La famille de Jean Rossignol et Marie Blanchard, ancêtres picards tout en haut d’une branche, m’a fait errer dans les registres de Barisis aux Bois, village aujourd’hui dans l’Aisne : versions années 1677-1720 et années 1721-1750.

Une fille de ce couple : Marie Magdeleine Rossignol unie à Jean Pasques a donné naissance à un fils Alexandre en 1706.

Voilà que ce gaillard d’Alexandre Pasques convole en l’an de grâce 1732 avec ?

AD 02 Barisis BMS 1721-1750 extrait 

Là, le bât blesse parce que le prêtre sur sa copie du registre a été distrait, même en lisant l’acte de mariage à haute voix, et en le transcrivant cela donne :

« le 26 mai 1732 ont été solennellement mariés par moi curé soussigné Alexandre Pasques fils des défunts Jean Pasques et Marie Magdeleine Rossignol,

et ?

après les avoir fiancés, les bans publiés par trois dimanches, à la messe de la paroisse, sans qu’il s’y soit trouvé aucun empêchement,

en présence d’Alexandre Rossignol parrain, Jean Louis et Raphaël Pasques frères de l’époux, François Grandvalet père, Albert, Nicolas Grandvalet frères de l’épouse qui ont signé avec l’époux non l’épouse aux minutes. »

Qui est cette mariée oubliée, au patronyme connu, avec un père en vie et deux frères ?

Un petit tour sur les indices de Geneanet et une flânerie dans les registres s’imposent donc pour repérer la famille de la mariée, et les enfants du nouveau couple.

Côté famille répondent présents François Grandvalet meunier uni avec Marie Mennessier, heureux parents de deux fils Albert et Nicolas et d'une fille prénommée Marie-Catherine : est-elle la mariée oubliée.

Côté descendance, en février 1733 naît Alexandre fils d’Alexandre Pasques et de Marie-Catherine Grandvalet, voilà le prénom de la promise et de la jeune mère, suit en 1735 une petiote baptisée Marie-Catherine comme celle qui lui a donné la vie.

Extrait d'arbre fait avec Généatique 


Hélas l’an 1737 voit disparaître à 29 ans à peine le père de famille, et son fils le suit de peu dans l’au-delà.

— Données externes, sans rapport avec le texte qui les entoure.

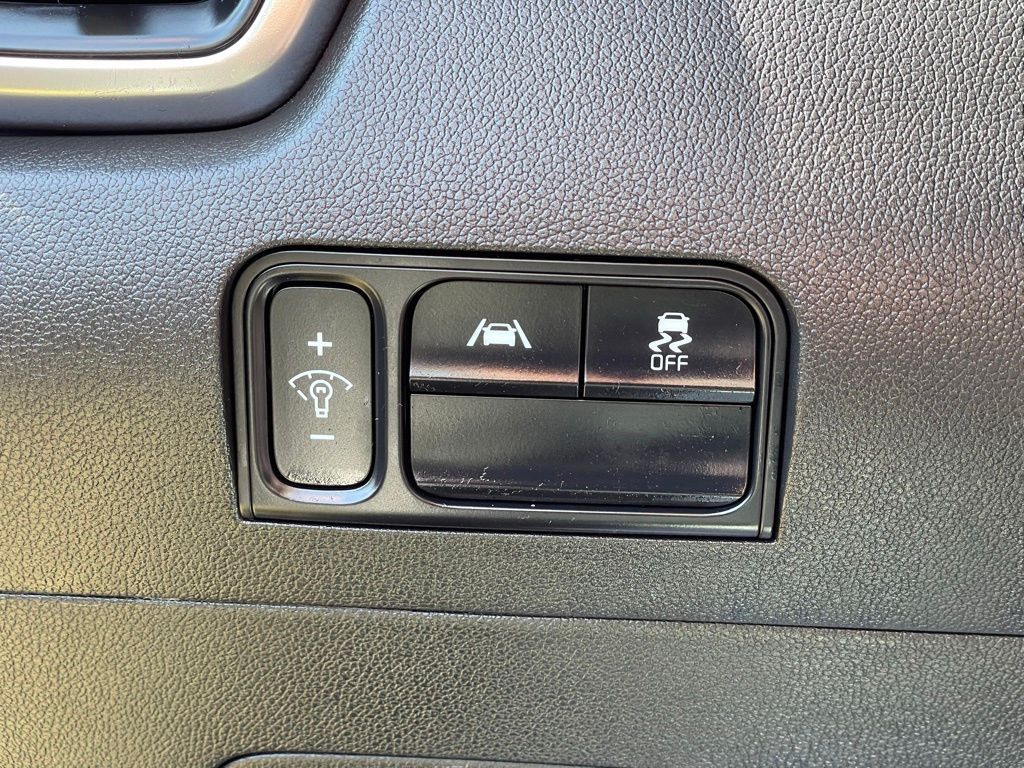 Vehicle image 13 of 34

Veuve le 13 mars 1737 d’Alexandre Pasques, Marie-Catherine Grandvalet se remarie moins de 3 mois après : le 4 juin avec Jean Louis Liénard laboureur fils de mon ancêtre Louis Liénard salpêtrier.

Curieux ce remariage si rapide pour une femme, dont l'enfant de ce second lit pointe son nez 17 mois plus tard. Gardons en mémoire que le délai de viduité n'existe pas sous l'Ancien Régime ni pour les femmes ni pour les hommes. 

Une mariée retrouvée, des branches qui s'entrecroisent dans mes recherches généalogiques sur la paroisse de Barisis aux Bois.